▶ [Exercise requirements]: Pictures excluded, copy all of the data below exactly.

▶ [Information provided]:
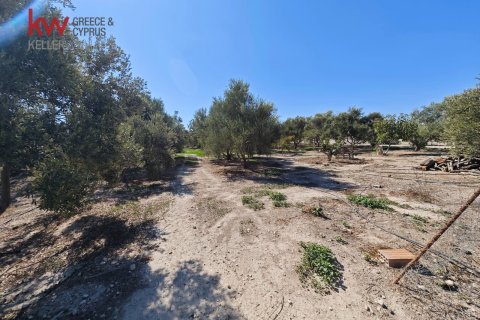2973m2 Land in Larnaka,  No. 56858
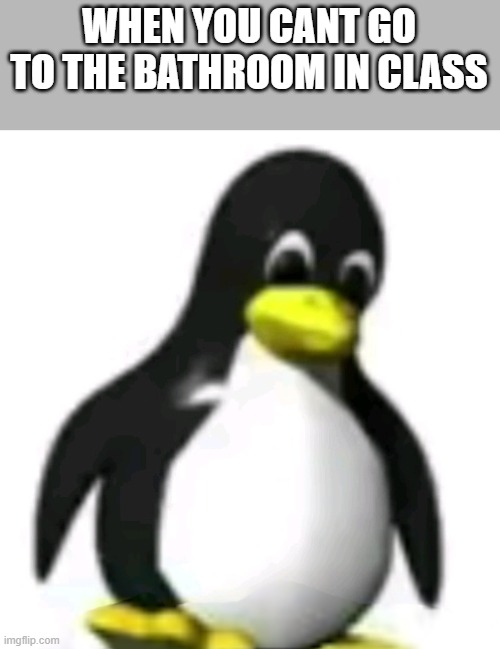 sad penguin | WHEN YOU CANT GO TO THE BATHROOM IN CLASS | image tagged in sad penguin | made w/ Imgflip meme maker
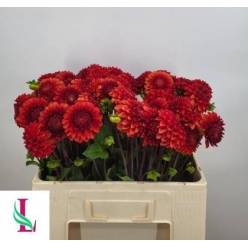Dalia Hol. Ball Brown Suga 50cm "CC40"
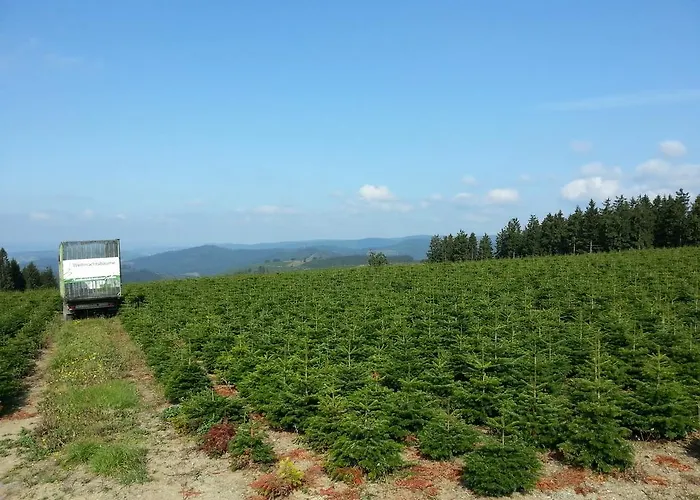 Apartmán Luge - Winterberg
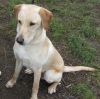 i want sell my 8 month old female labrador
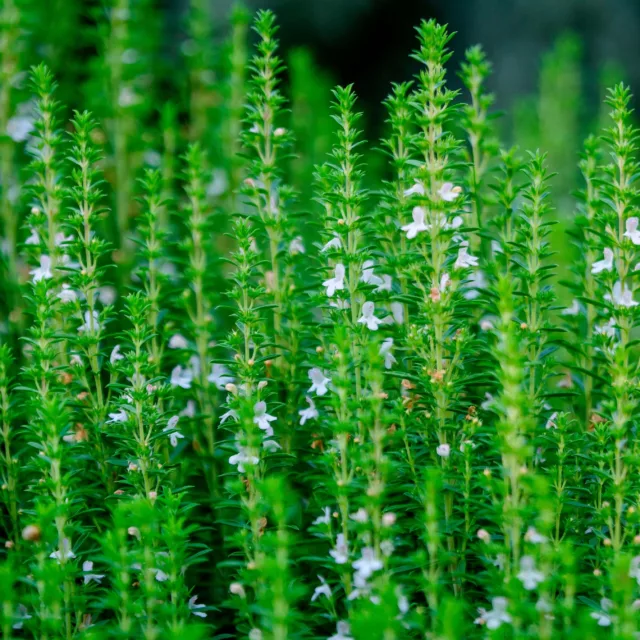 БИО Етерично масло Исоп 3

▶ [Output for this task]:
2973m2 Land in Larnaka,  No. 56858
 sad penguin | WHEN YOU CANT GO TO THE BATHROOM IN CLASS | image tagged in sad penguin | made w/ Imgflip meme maker
Dalia Hol. Ball Brown Suga 50cm "CC40"
 Apartmán Luge - Winterberg
 i want sell my 8 month old female labrador
 БИО Етерично масло Исоп 3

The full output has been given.